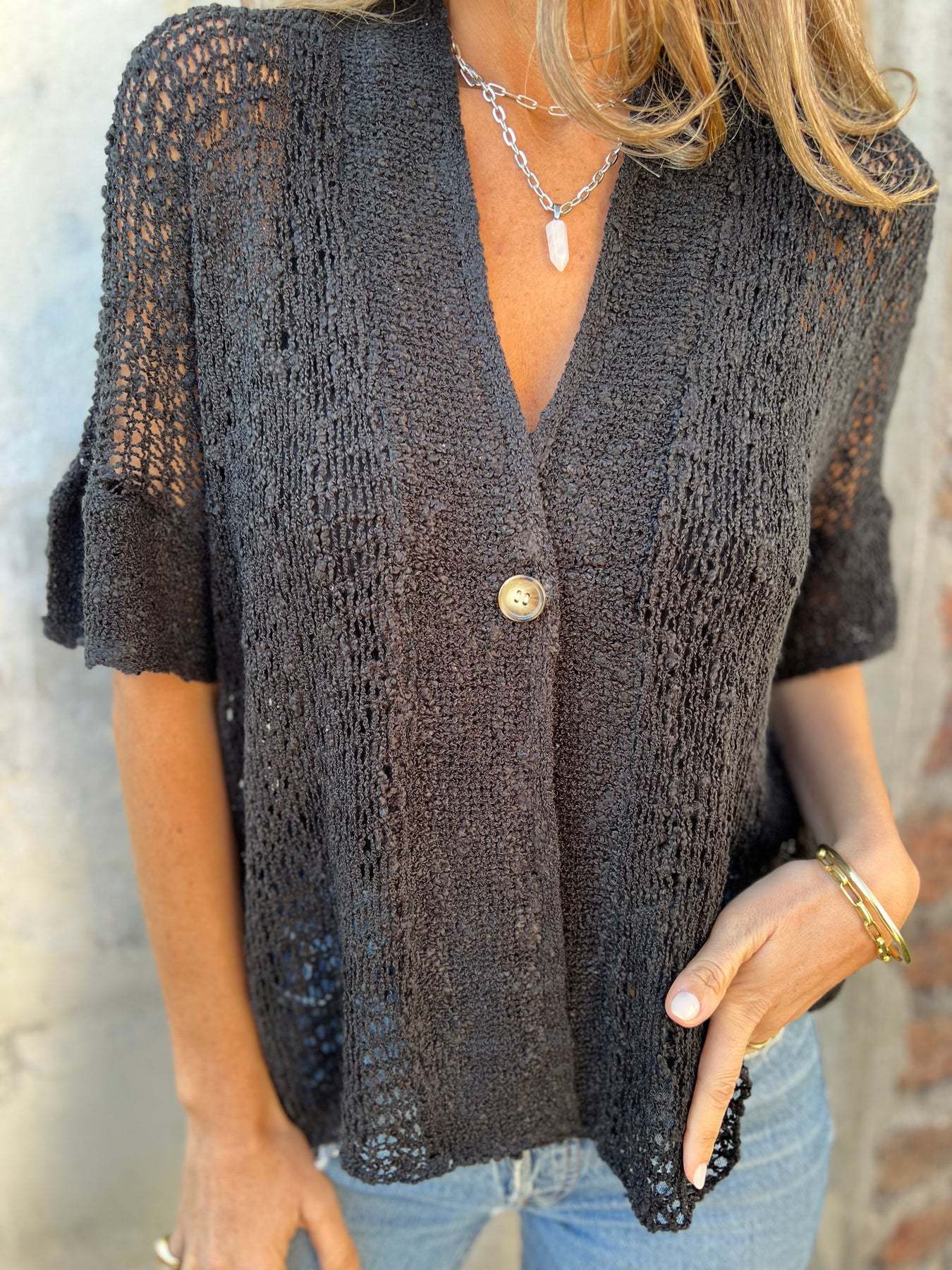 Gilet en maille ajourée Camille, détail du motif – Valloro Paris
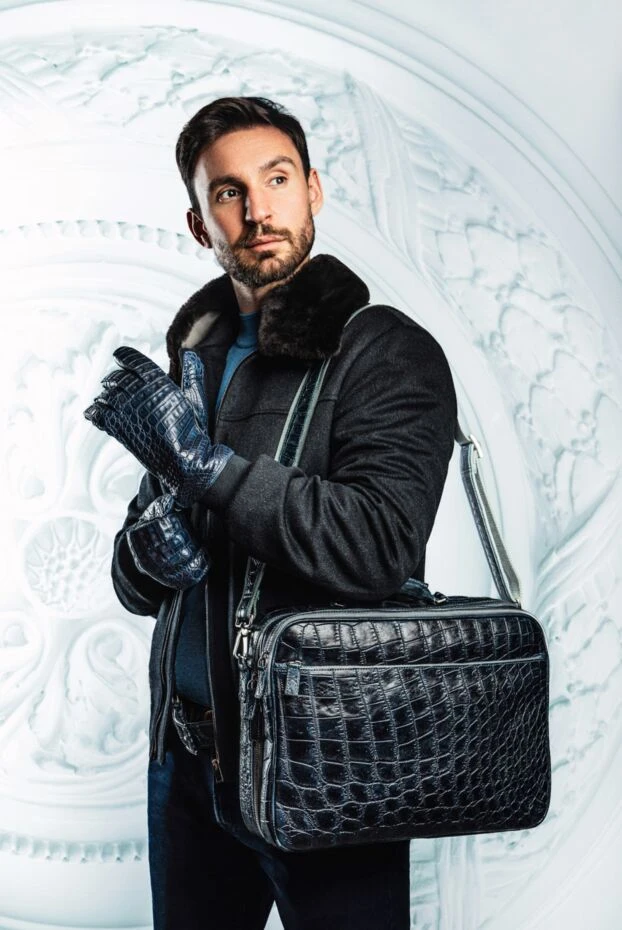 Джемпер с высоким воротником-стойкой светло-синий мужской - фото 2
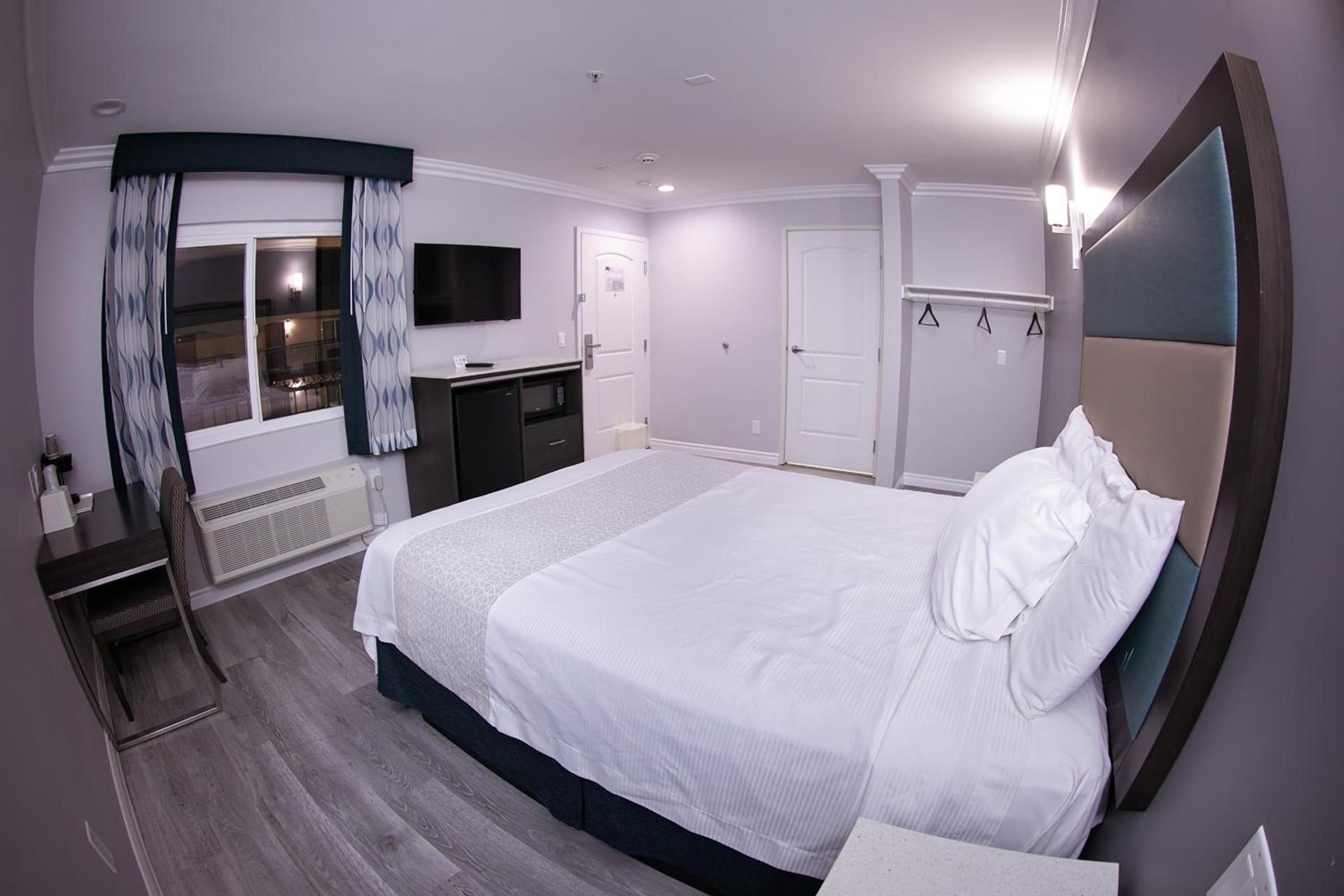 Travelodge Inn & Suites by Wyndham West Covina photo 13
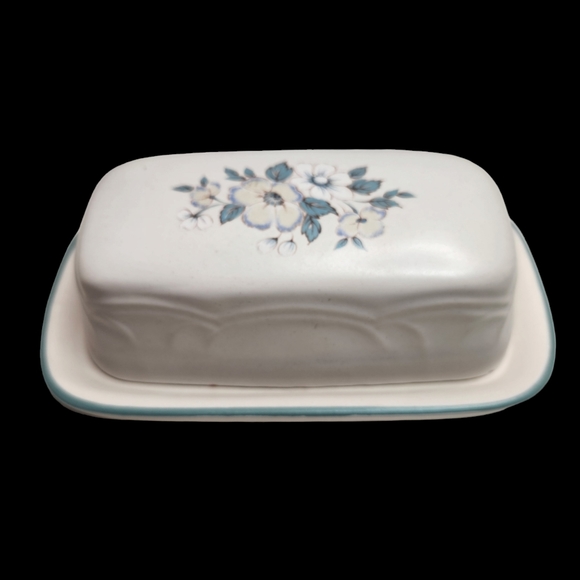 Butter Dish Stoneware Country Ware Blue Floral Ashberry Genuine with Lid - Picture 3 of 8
•••••
§ Problem statement:
Since pictures are not part of the copy, set down only the remaining data exactly.

§ Response box:
 Gilet en maille ajourée Camille, détail du motif – Valloro Paris
 Джемпер с высоким воротником-стойкой светло-синий мужской - фото 2
 Travelodge Inn & Suites by Wyndham West Covina photo 13
 Butter Dish Stoneware Country Ware Blue Floral Ashberry Genuine with Lid - Picture 3 of 8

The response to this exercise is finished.